The Configuration file and the Register¶

Let’s delve a little bit more into Biom3d structure.

Biom3d code is modular, which means that it is easy to plug in or out so-called modules. The complete list of existing modules can be found in biom3d.register.

Training configuration file definition¶

All of the hyper-parameters are defined in the configuration file. The configuration files are stored in Python format in the configs folder. You can create a new config file by copy/paste one of the existing ones and by adapting the parameters defined below. For instance, copy/paste and rename unet_pancreas.py in the same folder and open this Python script with your favourite text editor.

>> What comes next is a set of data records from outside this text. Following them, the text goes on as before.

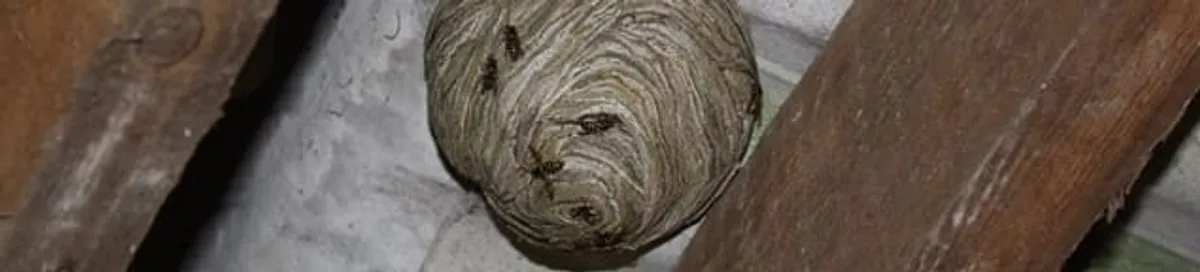 Wasp nest in an attic space, a common home infestation risk in Scottsdale, AZ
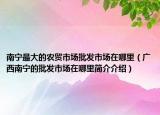 南宁最大的农贸市场批发市场在哪里（广西南宁的批发市场在哪里简介介绍）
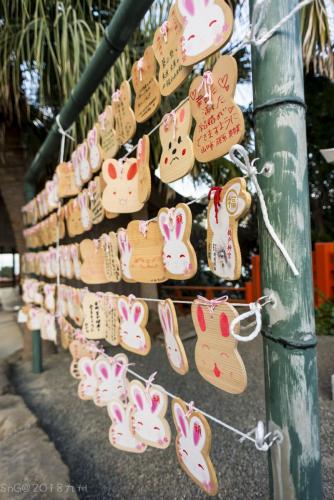 2018Kyushu Day2 0201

There are two types of hyper-parameters in the configuration file: builder parameters and modules parameters.

Builder parameters¶

Builder parameters are written as follows: NAME=value. The dataset builder parameters must be adapted to your own dataset and the Auto-config builder parameters value can be set with the pre-processing values. The rest of the builder parameters is optional.

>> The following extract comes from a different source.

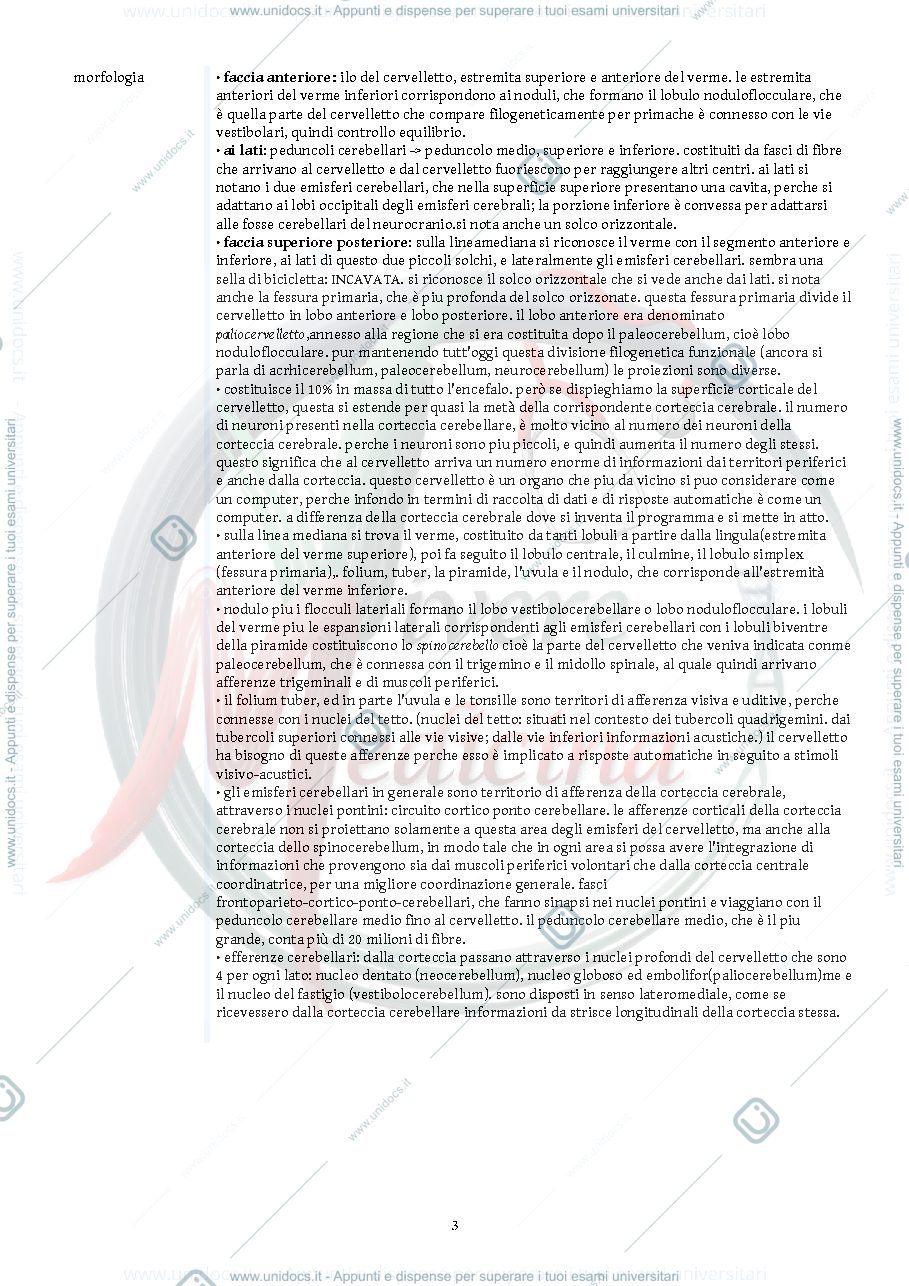Anteprima pagina 3 — cervelletto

Here is the exhaustive list of builder parameters:

#---------------------------------------------------------------------------
# Dataset builder-parameters
# EDIT THE FOLLOWING PARAMATERS WITH YOUR OWN DATASETS PARAMETERS

# Folder where pre-processed images are stored
IMG_DIR = 'data/pancreas/tif_imagesTr_small'

# Folder where pre-processed masks are stored
MSK_DIR = 'data/pancreas/tif_labelsTr_small'

# (optional) path to the .csv file storing "filename,hold_out,fold", where:
# "filename" is the image name,
# "hold_out" is either 0 (training image) or 1 (testing image),
# "fold" (non-negative integer) indicates the k-th fold, 
# by default fold 0 of the training image (hold_out=0) is the validation set.
CSV_DIR = 'data/pancreas/folds_pancreas.csv'

# CSV_DIR can be set to None, in which case the validation set will be
# automatically chosen from the training set (20% of the training images/masks)
# CSV_DIR = None 

# model name
DESC = 'unet_mine-pancreas_21'

# number of classes of objects
# the background does not count, so the minimum is 1 (the max is 255)
NUM_CLASSES=2

#---------------------------------------------------------------------------
# Auto-config builder-parameters
# PASTE AUTO-CONFIG RESULTS HERE

# batch size
BATCH_SIZE = 2

# patch size passed to the model
PATCH_SIZE = [40,224,224]

# larger patch size used prior rotation augmentation to avoid "empty" corners.
AUG_PATCH_SIZE = [48,263,263]

# number of pooling done in the UNet
NUM_POOLS = [3,5,5]

# median spacing is used only during prediction to normalize the output images
# it is commented here because we did not noticed any improvemet
# MEDIAN_SPACING=[0.79492199, 0.79492199, 2.5]
MEDIAN_SPACING=[]

#---------------------------------------------------------------------------
# Advanced paramaters (can be left as such) 
# training configs

# whether to store also the best model 
SAVE_BEST = True 

# number of epochs
# the number of epochs can be reduced for small training set (e.g. a set of 10 images/masks of 128x128x64)
NB_EPOCHS = 1000

# optimizer paramaters
LR_START = 1e-2 # comment if need to reload learning rate after training interruption
WEIGHT_DECAY = 3e-5

# whether to use deep-supervision loss:
# a loss is placed at each stage of the UNet model
USE_DEEP_SUPERVISION = False

# whether to use softmax loss instead of sigmoid
# should not be set to True if object classes are overlapping in the masks
USE_SOFTMAX=False 

# training loop parameters
USE_FP16 = True
NUM_WORKERS = 4

#---------------------------------------------------------------------------
# callback setup (can be left as such) 
# callbacks are routines that execute periodically during the training loop

# folder where the training logs will be stored, including:
# - model .pth files (state_dict)
# - image snapshots of model training (only if USE_IMAGE_CLBK is True)
# - logs with this configuration stored in .yaml format and tensorboard logs
LOG_DIR = 'logs/'

SAVE_MODEL_EVERY_EPOCH = 1
USE_IMAGE_CLBK = True
VAL_EVERY_EPOCH = SAVE_MODEL_EVERY_EPOCH
SAVE_IMAGE_EVERY_EPOCH = SAVE_MODEL_EVERY_EPOCH
USE_FG_CLBK = True
#---------------------------------------------------------------------------

Module parameters¶

The modules parameters are written as follows in the configuration file:

NAME=Dict(
  fct="RegisterName"
  kwargs=Dict(
    key_word=arguments,
  )
)

The fct argumentation correspond to one of the module name listed in the register.py file. The register.py file lists all existing modules in Biom3d. To have more details about one specific module, we recommended to read the documentation of the module. There are currently 5 main modules type: dataset, model, metric, trainer and predictor. Each modules are not compatible with all modules, read the documentation for more details.

Training¶

Please create a folder named logs/ in the current directory.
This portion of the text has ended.